Two Detroit men were greeted with cheers, smiles and hugs as they emerged from a Michigan courthouse Wednesday after being exonerated for a 1999 murder they didn’t commit.
Justly Johnson, 44, and Kendrick Scott, 40, walked away free men after the Wayne County Prosecutor’s Office elected to vacate their murder charges following a Michigan Supreme Court ruling that granted the men a new trial for the 1999 murder of Lisa Kindred.
Kindred, 35, was shot in the heart while sitting in her van with her children on Mother’s Day in what authorities now believe was a murder-for-hire plot.

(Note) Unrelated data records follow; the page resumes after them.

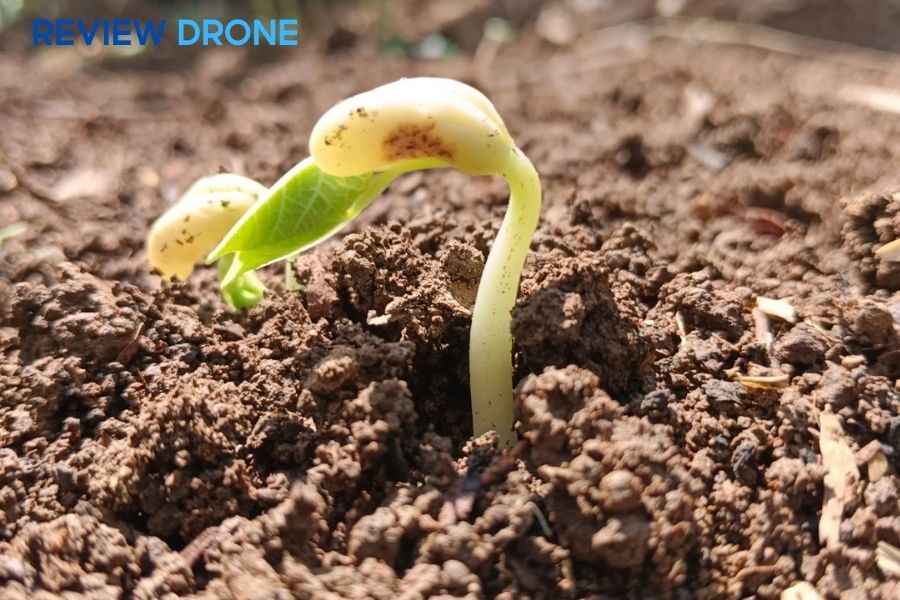 Cách Gieo Hạt Đậu Xanh Hiệu Quả Cho Cánh Đồng Lớn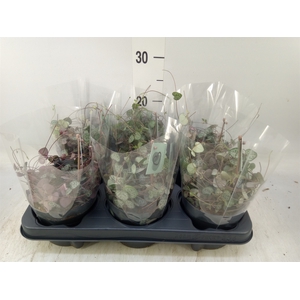 Ceropegia woodii ssp. woodii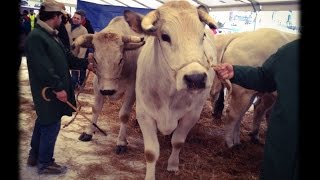 Vard 'l Beu. Una storia del Piemonte. Il Bue Grasso trailer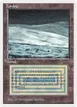 Tundra #289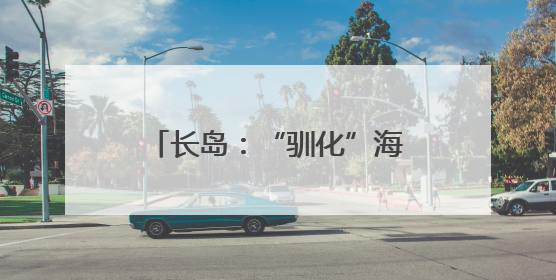 长岛：“驯化”海草赋能“零碳岛”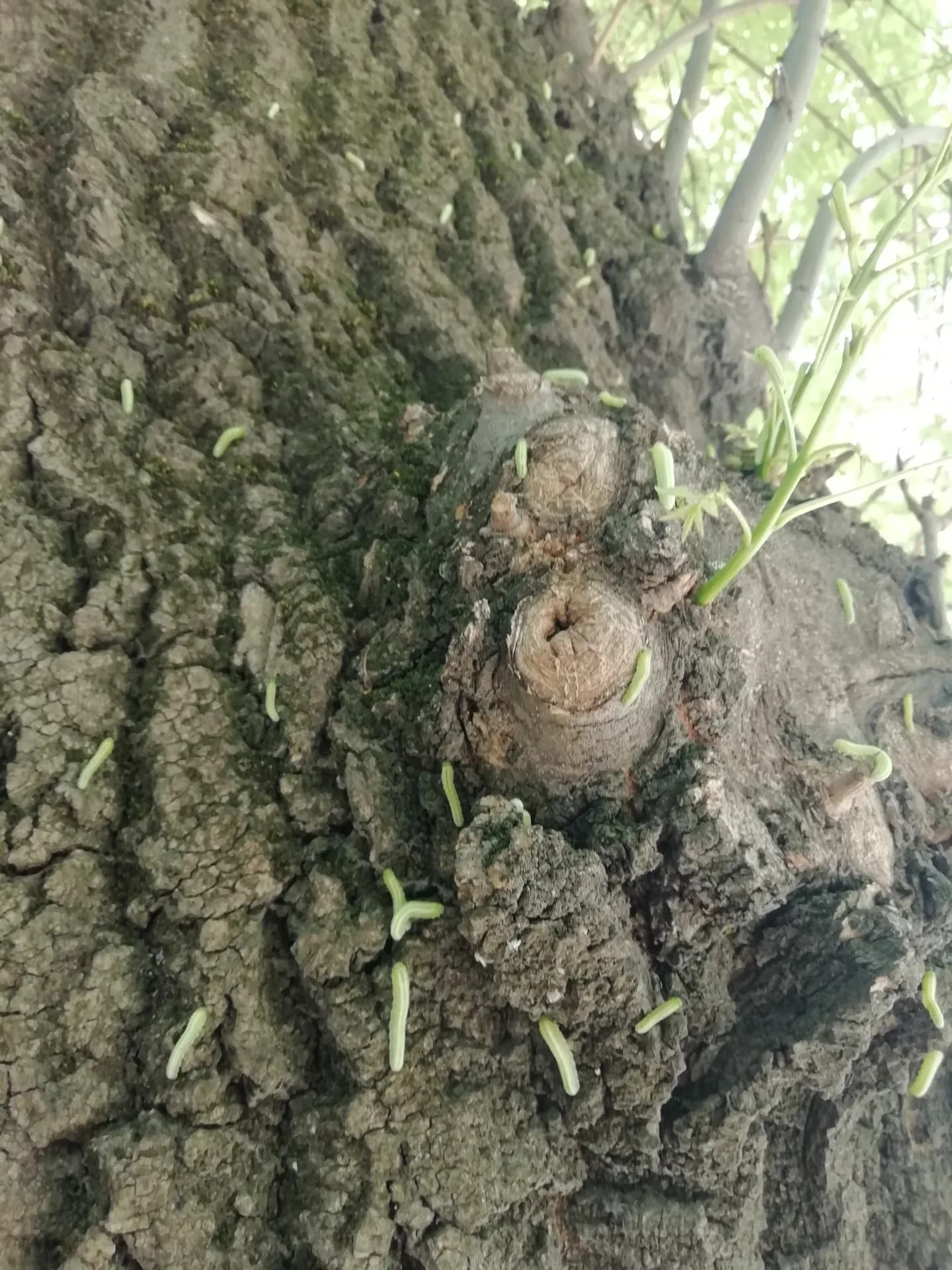 Ежегодное нашествие гусениц.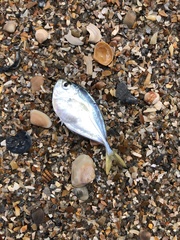 Chloroscombrus chrysurus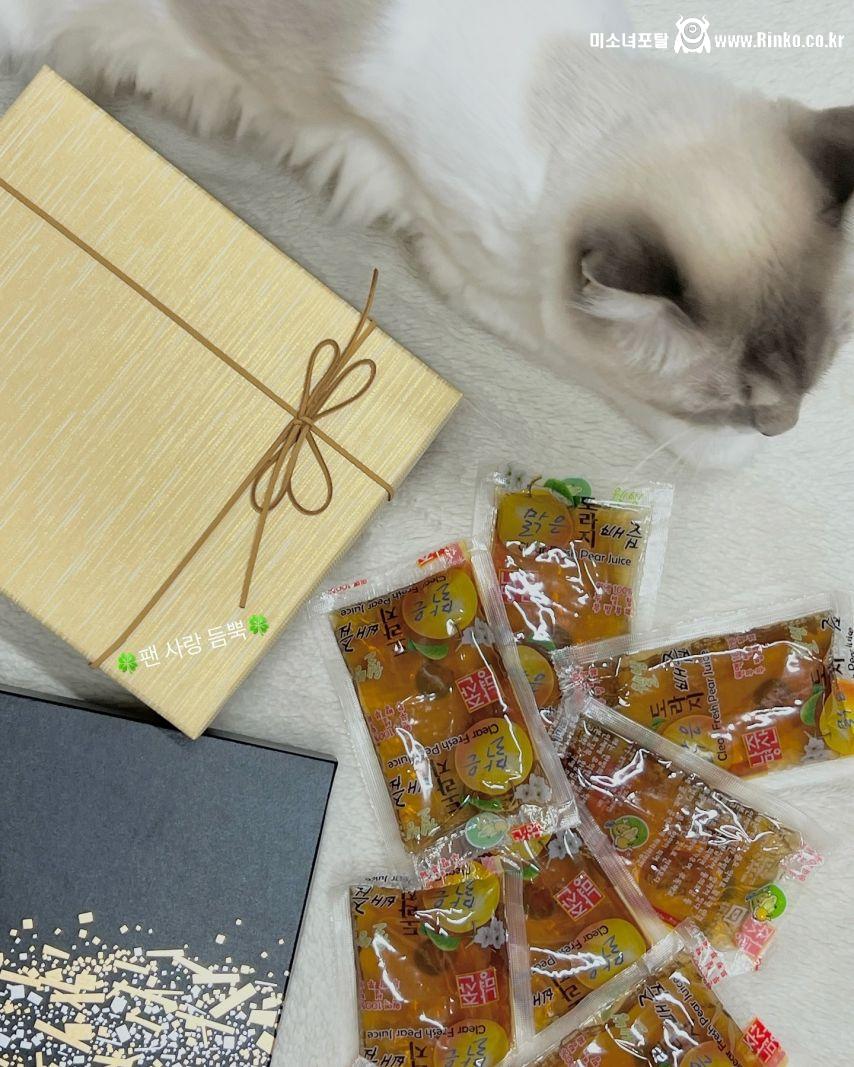 락킷걸 한이슬 인별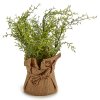 Umělé bylinky v květináči, 17,7 cm, ideální do kuchyně
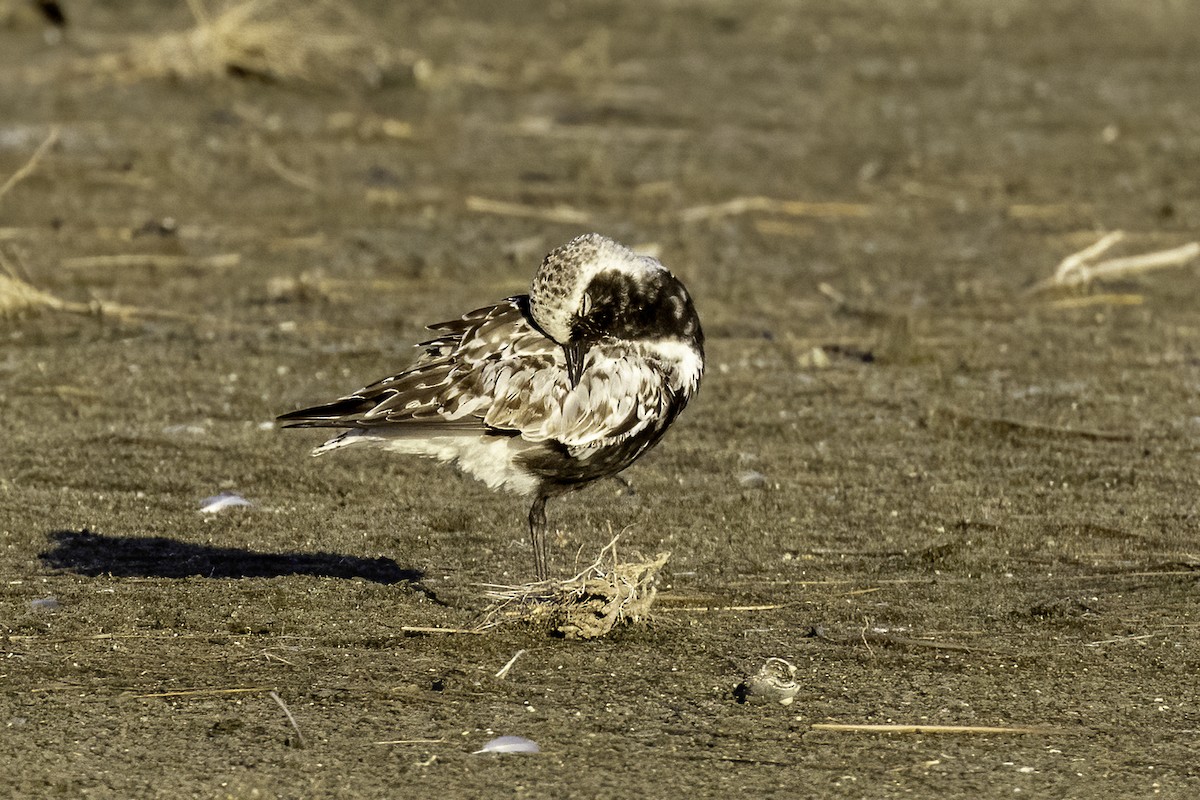 Black-bellied Plover - ML476609241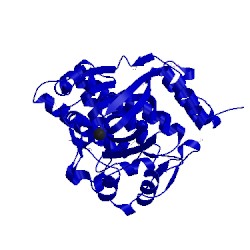 Image of CATH 3pua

“It was good to see everybody here and see faces I haven’t seen in 20 years,” Scott said, beaming with joy as he stood outside the courthouse. “I knew I didn’t do anything … and when you are falsely accused of a crime all you can do is hope and you know it’s going to come one day.”
Johnson told the jubilant crowd of supporters, “I haven’t lived for 20 years. “I haven’t smiled or relaxed for 20 years and I want to be able to do that.”
According to FOX 2 Detroit, it was the testimony from two eyewitnesses that landed the pair behind bars for Kindred’s murder. Witnesses Antonio Burnette and Raymond Jackson acknowledged they were high on drugs the night of the shooting and later recanted, alleging they were forced into providing false testimony.
Johnson said he felt “vindicated” after serving time for a crime he had no part in. At one point, his glee turned to anger as he dwelled on all that he and Scott had missed out on during their incarceration.
“It’s a tragedy, and it’s sickening that we had to suffer 20 years in the first place for the mistakes of the Detroit Police Department and anybody that was involved in this,” he said.
The men’s release comes just four months after a Michigan Supreme Court ordered them a new trial. Through it all, Johnson and Scott maintained their innocence.
“It’s a blessing because we never lied on each other like the other people lied on us to get us in jail,” said Scott. “We stayed strong and now we are out together at the same time. It’s a blessing.”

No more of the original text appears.